*EXERCISE DETAILS*. Only the lines in the entries below from the line with "Sennheiser, expositor en" to the line with "TP-Link Smart Home", both included, belong in the answer, transcribed exactly and without pictures.

*PROVIDED INFORMATION*.
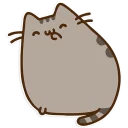 Video sticker 😊 Pusheen by Andy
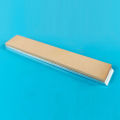 Knife Sharpening Leather Strop Polishing  Genuine leather 25mm With Aluminum alloy Blank 4mm Thickness. 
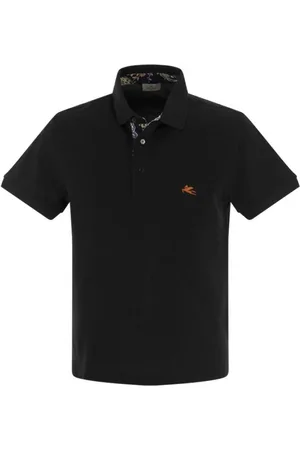 Etro Hombre, Camisetas, Negro, Talla: M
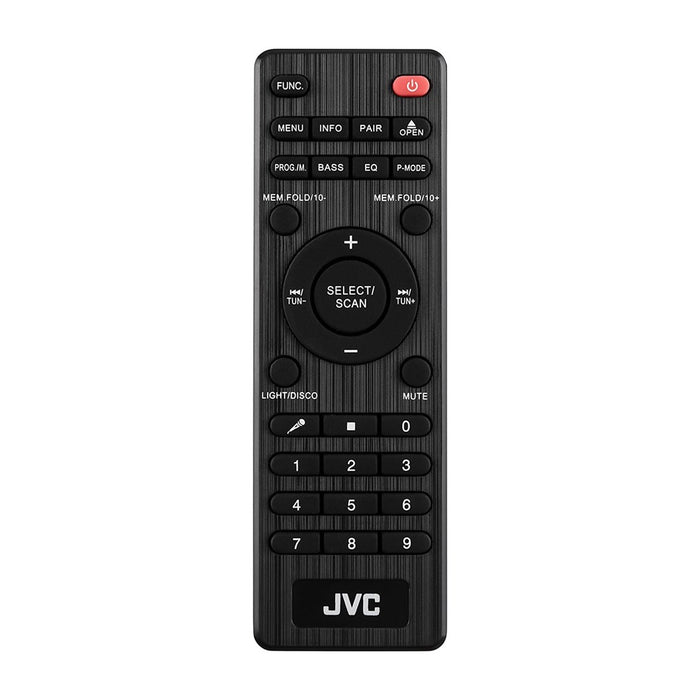 JVC MX-E325B-DAB Мини Hi-Fi система Черна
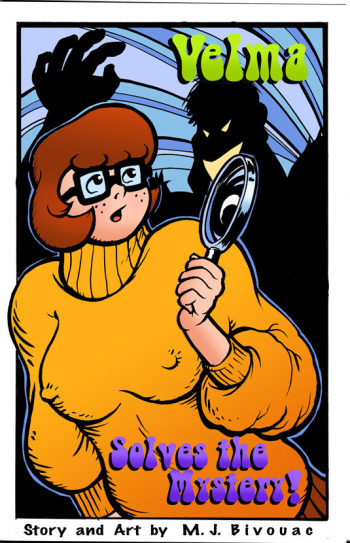 [M.J. Bivouac] Thelma - Solves the Mystery! (Scooby-Doo) cover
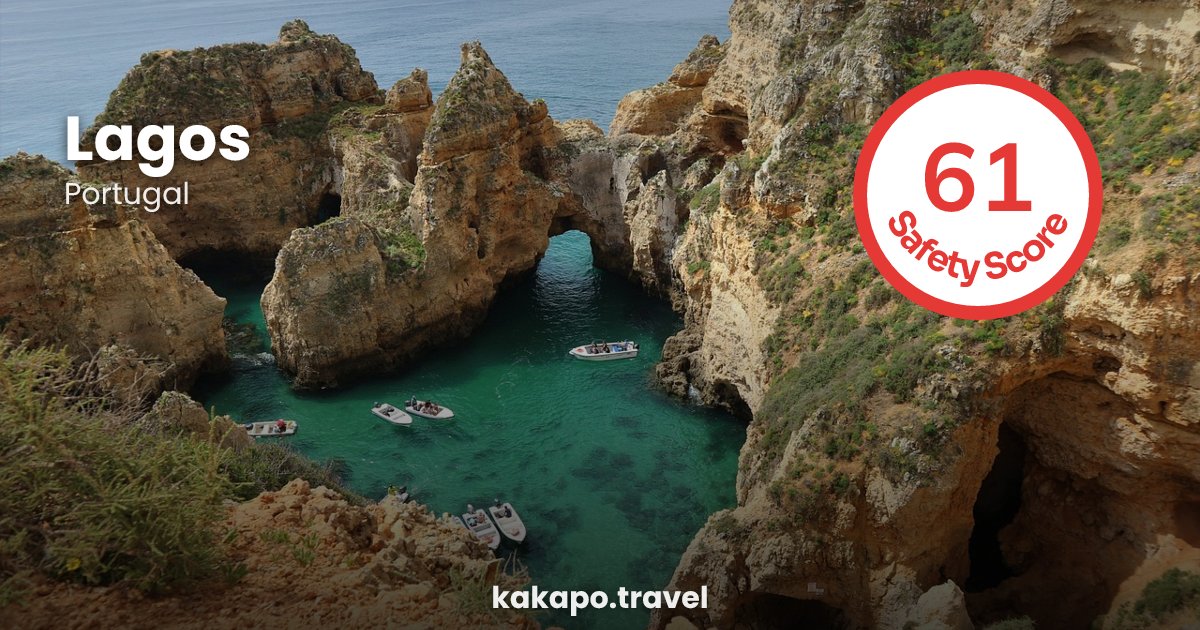Is Lagos, Portugal safe? — Kakapo travel safety guide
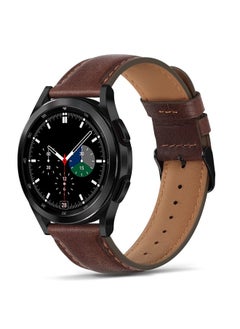 Genuine Leather band for Samsung Galaxy watch 6 5 pro/4/3/Active 2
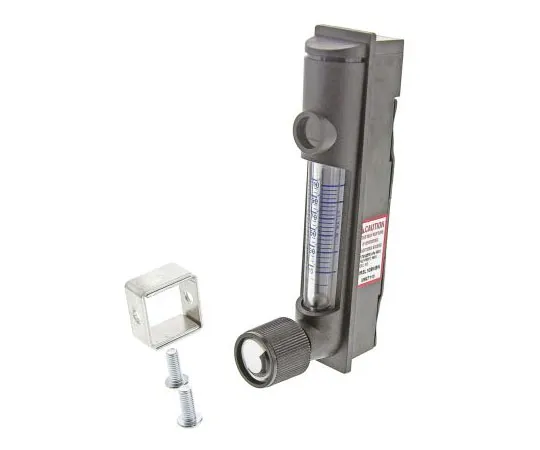 63-7418-64　Key Instruments Variable Area Flow Meter, 5 ccm → 110 cm³/min, MR3000 Series　MR3L10BVBN
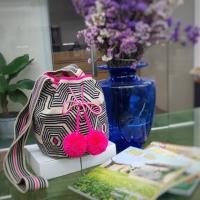 ราคา มือ1กระเป๋าวายูแท้จากโคลัมเบีย Wayuu (1055698121)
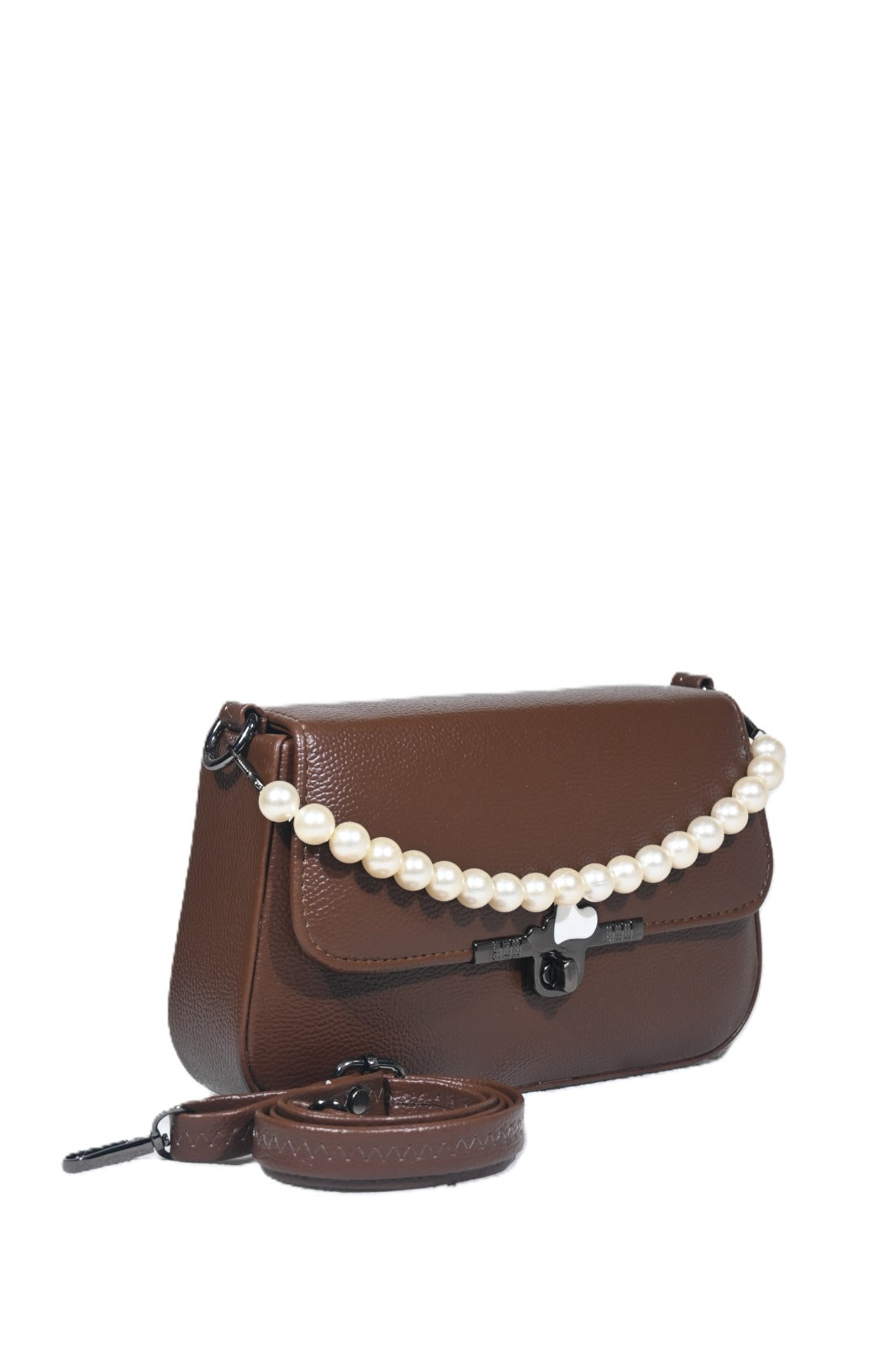 Brown stylish sling bag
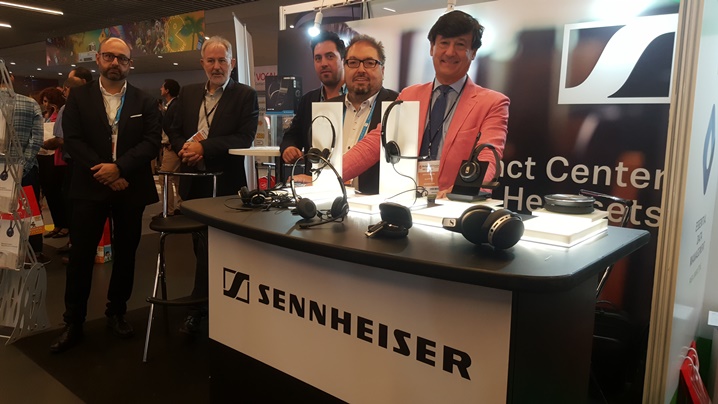 Sennheiser, expositor en la feria Expo/Relación Cliente 2019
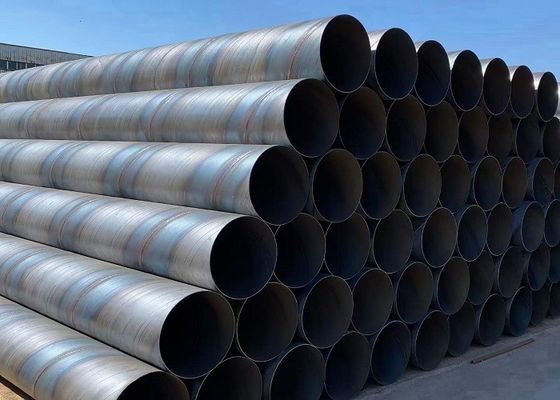 400 mm spiraalgesloten SSAW-staalpijp voor structurele toepassingen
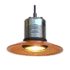 Corruguated can trafficlight lens pendant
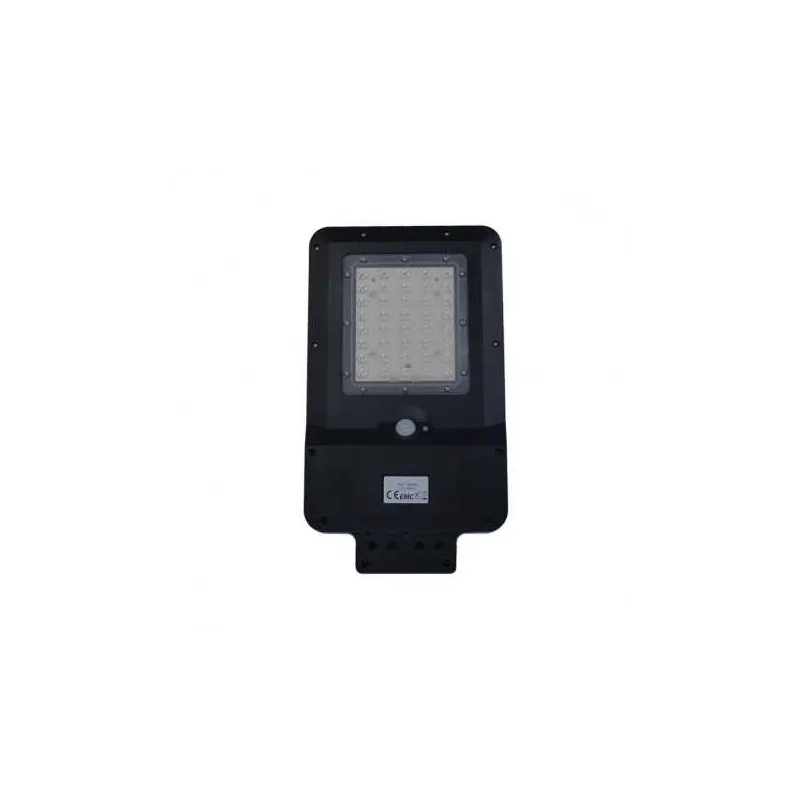 tete-de-lampadaire-solaire-detecteur-ir-40w-3000k-telecommande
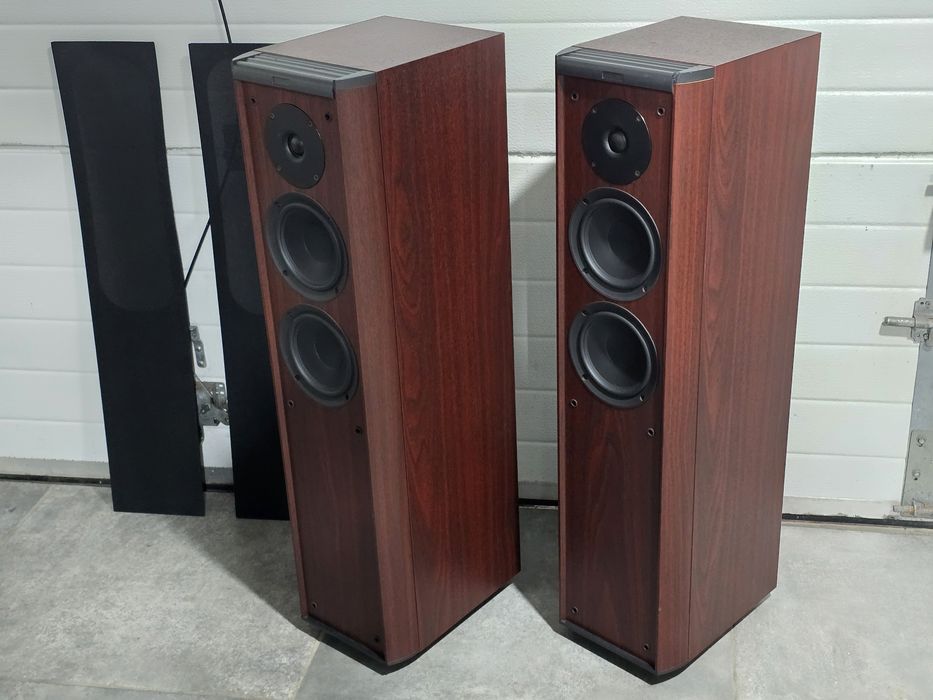 Boxe de podea JAMO classic 6, hifi stereo 140w, 4 ohm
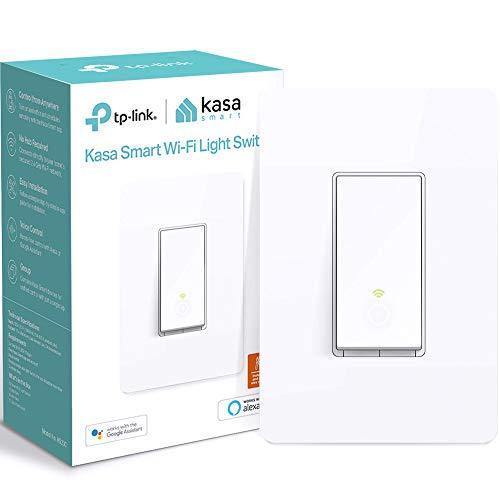 TP-Link Smart Home Kasa Smart Light Switch Single Pole Home Entertainment Verrosa Retail Inc. 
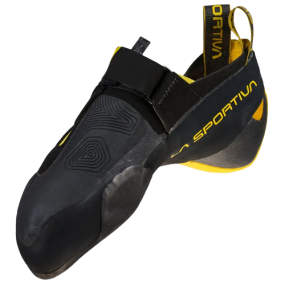 Chausson d'escalade La Sportiva "Theory Black/Yellow" - Homme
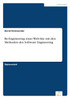 Re-Engineering einer Web-Site mit den Methoden des Software Engineering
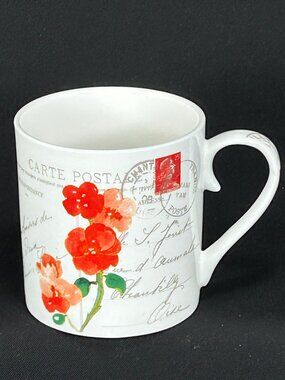 Australian design bone china coffee mug by Christopher Vine Design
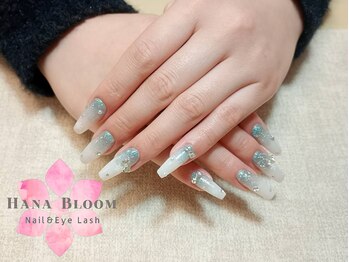 ハナブルームネイル 渋谷道玄坂(Hana Bloom Nail)/持ち込み/長さだし/長さ出し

*WRITTEN ANSWER*.
 Sennheiser, expositor en la feria Expo/Relación Cliente 2019
 400 mm spiraalgesloten SSAW-staalpijp voor structurele toepassingen
 Corruguated can trafficlight lens pendant
 tete-de-lampadaire-solaire-detecteur-ir-40w-3000k-telecommande
 Boxe de podea JAMO classic 6, hifi stereo 140w, 4 ohm
 TP-Link Smart Home Kasa Smart Light Switch Single Pole Home Entertainment Verrosa Retail Inc. 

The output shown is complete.